If you were wondering whether handwritten notes are better than typing on a laptop or phone, research from Europe and the United States is giving stronger scientific support to the idea that writing by hand may help the brain remember and understand information more deeply.
In 2024, Norwegian neuroscientist Audrey van der Meer and her team at the Norwegian University of Science and Technology published a study in the journal Frontiers in Psychology examining how the brain responds during handwriting and typing tasks.
The researchers recruited 36 university students and fitted each participant with a cap containing 256 EEG sensors to monitor brain activity. Words appeared on a screen one at a time. Participants either wrote the words by hand on a touchscreen using a digital pen or typed the same words on a keyboard.
According to the study, those who wrote by hand showed broader communication across brain regions linked to memory, movement, sensory processing, and learning. But for those who typed, typing produced far less coordinated brain activity.

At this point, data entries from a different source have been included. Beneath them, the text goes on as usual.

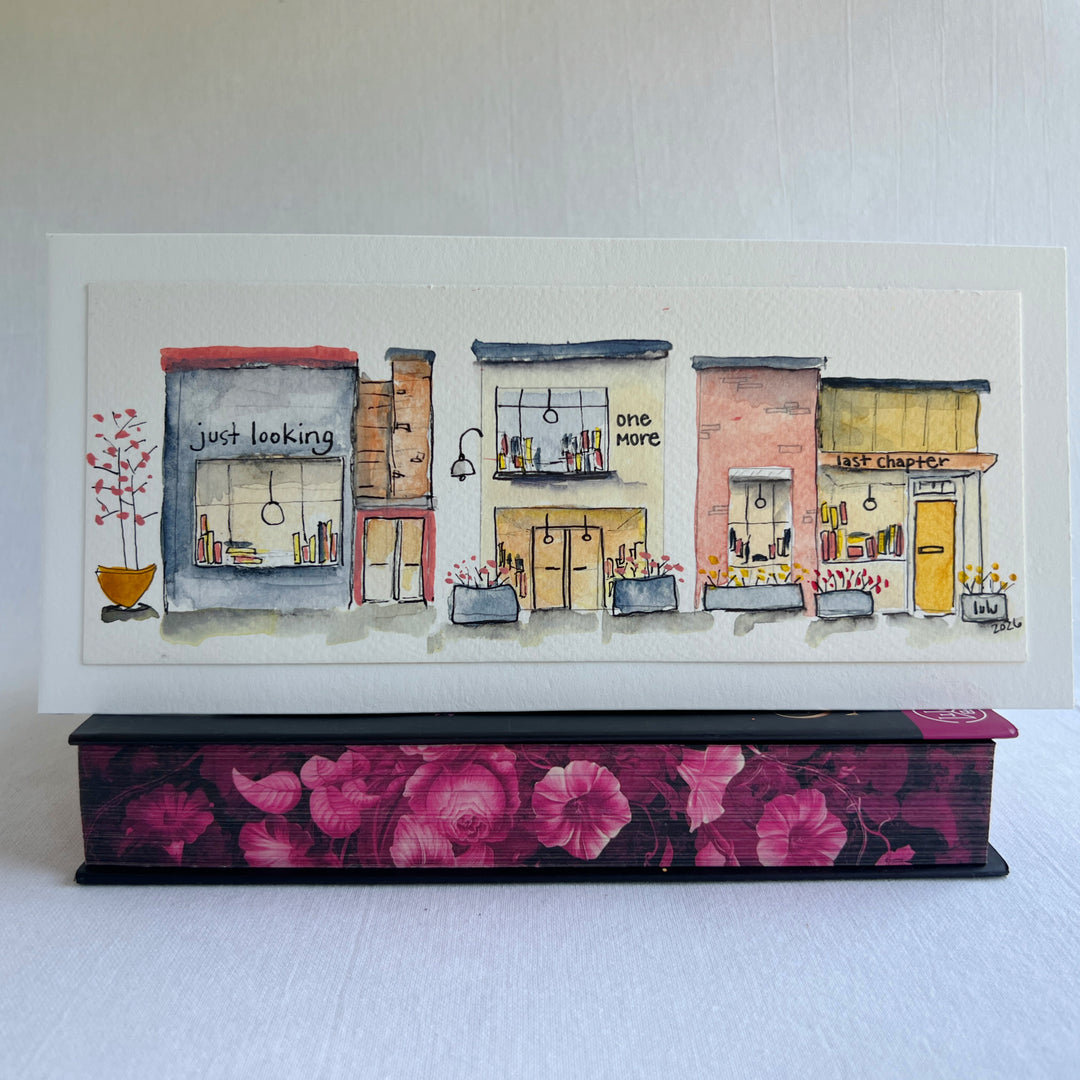 A watercolor painting of four colorful brick storefront bookstores, with the names, "Just Looking"  "One More" and "Last Chapter."  Displayed on top of a flower-painted book.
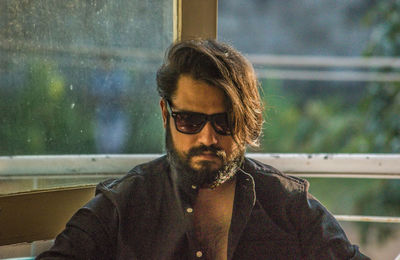 Portrait of young man sitting on window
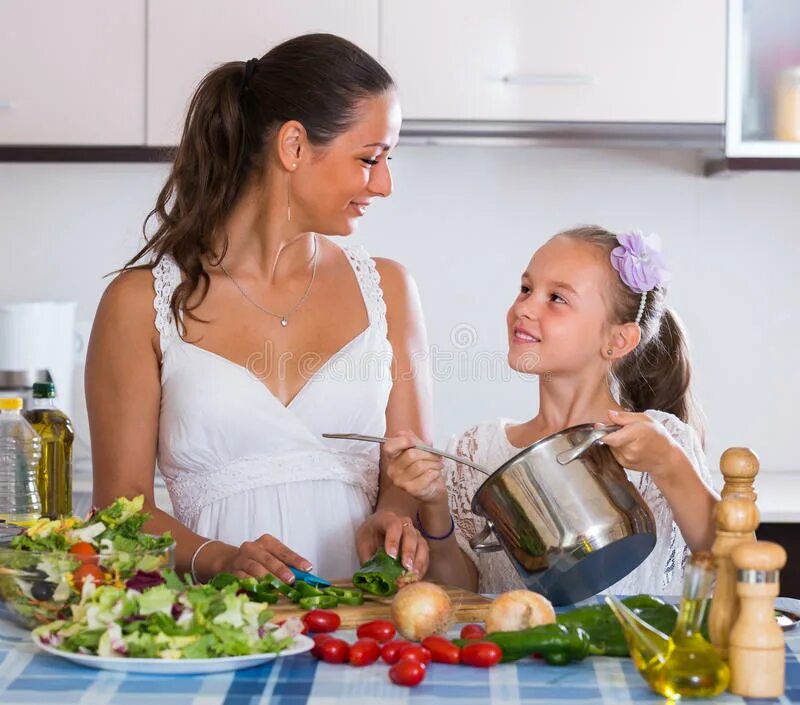 Moms teaching daughter. Мама учит дочь готовить фото.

Van der Meer explained that handwriting involves “precise control of hand movements” and requires the brain to coordinate vision, movement, and spatial awareness at the same time. Typing, by comparison, relies on repeated movements that demand less varied coordination.
The researchers argued that this difference may affect how information is stored and recalled, especially among children and students learning new concepts.
The findings added to earlier work carried out in the United States by Pam Mueller and Daniel Oppenheimer. Their 2014 study tested 327 students across several experiments comparing handwritten and laptop note-taking during lectures.
The study found that students who used laptops typically wrote more words because they could type more quickly. However, students who wrote notes by hand performed better on questions that tested understanding and long-term recall.
Mueller and Oppenheimer concluded that laptop users often copied lectures almost word-for-word without carefully processing the information, whereas handwritten note-takers had to summarize ideas in their own words. That process, they argued, improved learning.
The studies have generated fresh discussion online after a long thread shared on X, formerly Twitter, by writer Ihtesham Ali on Monday, May 18, 2026, gained millions of views.
Ali wrote: “Handwriting makes the brain work. Typing lets it coast.”
The post drew responses from teachers, lawyers, students, and professionals who described similar personal experiences.
Rachel Pitzel, who said she attended law school between 2003 and 2006, wrote that she switched completely to handwritten notes after noticing she retained less information while typing.
“I realized I wasn’t retaining info from typing that I normally do, having to summarize and handwrite notes,” she posted.
Susan Oh also wrote that she takes handwritten notes during calls “not for the sake of the notes but because I found it made recall much easier.”
Other users connected the findings to long-standing educational practices.
Rick, another X user, pointed to the work of Italian physician and educator Maria Montessori, whose teaching methods focused on physical interaction and handwriting for children.
“Till this day, true Montessori schools still rely heavily on children writing cursive,” he wrote.
Some educators also argued that handwriting supports reading development because students physically learn the shapes and structures of letters as they write.
Researchers caution, however, that the findings do not mean typing is harmful or useless. Computers remain important for drafting, communication, research, and professional work. Typing can also improve speed and accessibility.
Still, many neuroscientists and education researchers say that handwriting appears to encourage deeper mental processing because it slows people down and forces them to organize information as they write.
For students preparing for examinations, professionals taking meeting notes, or people trying to remember new information or seeking to upskill, the research suggests that using pen and paper may still offer advantages that digital devices do not fully replace.